- Date: 22–27 May
- Edition: 1st
- Surface: Clay
- Location: Skopje, North Macedonia

Champions

Singles
- Máté Valkusz

Doubles
- Petr Nouza / Andrew Paulson
| Macedonian Open |

= 2023 Macedonian Open =

The 2023 Macedonian Open was a professional tennis tournament played on clay courts. It was the 1st edition of the tournament which was part of the 2023 ATP Challenger Tour. It took place in Skopje, North Macedonia between 22 and 27 May 2023.

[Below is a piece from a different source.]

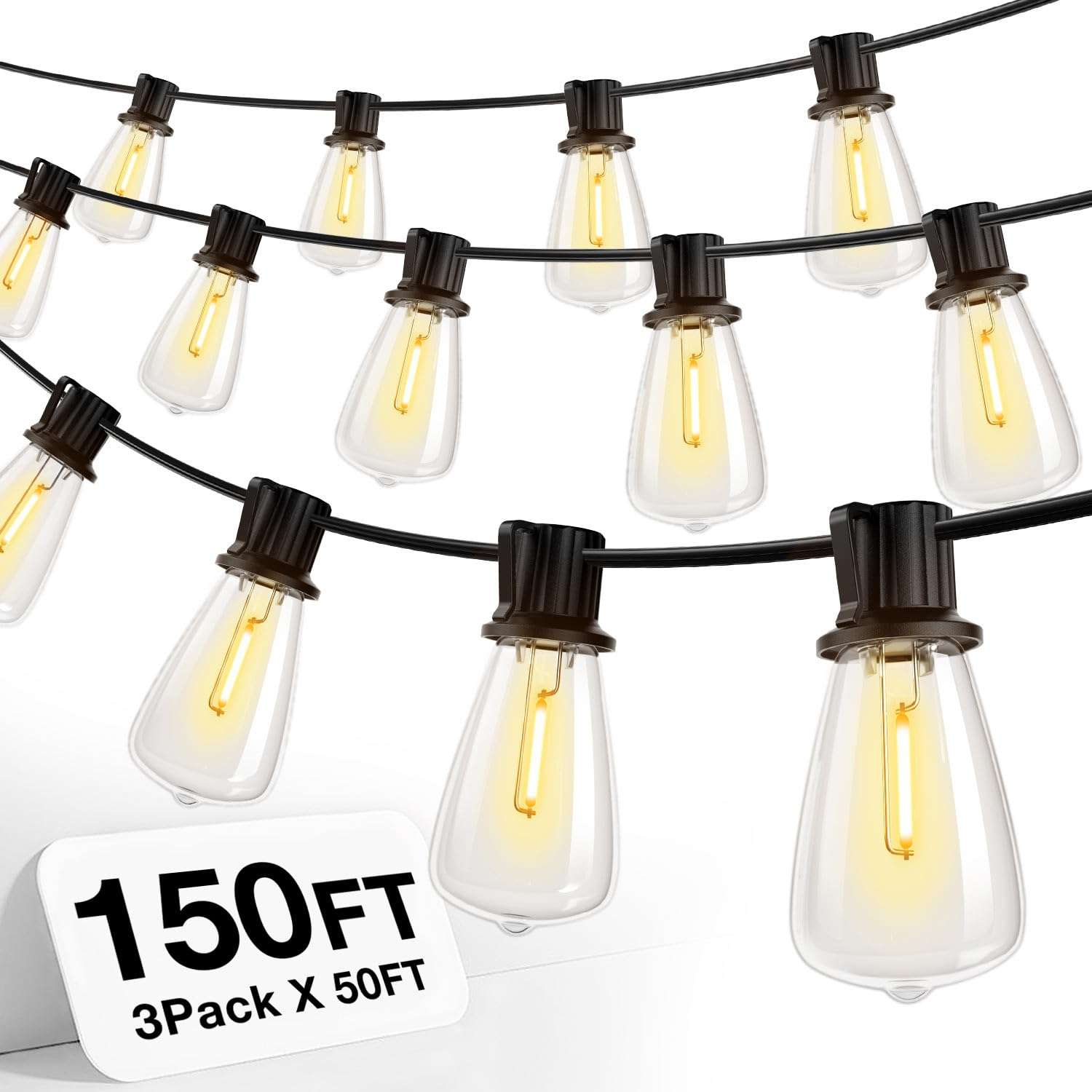 addlon 150 FT (3x50FT) Outdoor String Lights,Waterproof Patio Lights ETL Listed with 45+3 Shatterproof Dimmable ST38 LED Bulbs,2200K Connectable Outdoor Lighting for Backyard Bistro Garden - Image 1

==Singles main-draw entrants==
===Seeds===

| Country | Player | Rank^{1} | Seed |
|---|---|---|---|
| TUN | Aziz Dougaz | 232 | 1 |
|  | Evgeny Donskoy | 242 | 2 |
| BRA | Matheus Pucinelli de Almeida | 246 | 3 |
| SWE | Dragoș Nicolae Mădăraș | 248 | 4 |
| ARG | Francisco Comesaña | 252 | 5 |
| ARG | Román Andrés Burruchaga | 253 | 6 |
| LIB | Benjamin Hassan | 261 | 7 |
| SRB | Miljan Zekić | 266 | 8 |

- ^{1} Rankings are as of 8 May 2023.

===Other entrants===
The following players received wildcards into the singles main draw:
- MKD Kalin Ivanovski
- CZE Andrew Paulson
- CRO Mili Poljičak

The following players received entry into the singles main draw as alternates:
- ROU Filip Cristian Jianu
- CRO Dino Prižmić
- BRA Eduardo Ribeiro

The following players received entry from the qualifying draw:
- POL Karol Drzewiecki
- POL Maks Kaśnikowski
- BRA Wilson Leite
- IND Sumit Nagal
- HUN Máté Valkusz
- ITA Alexander Weis

==Champions==
===Singles===

- HUN Máté Valkusz def. ARG Francisco Comesaña 6–3, 6–4.

===Doubles===

- CZE Petr Nouza / CZE Andrew Paulson def. IND Sriram Balaji / IND Jeevan Nedunchezhiyan 7–6^{(7–5)}, 6–3.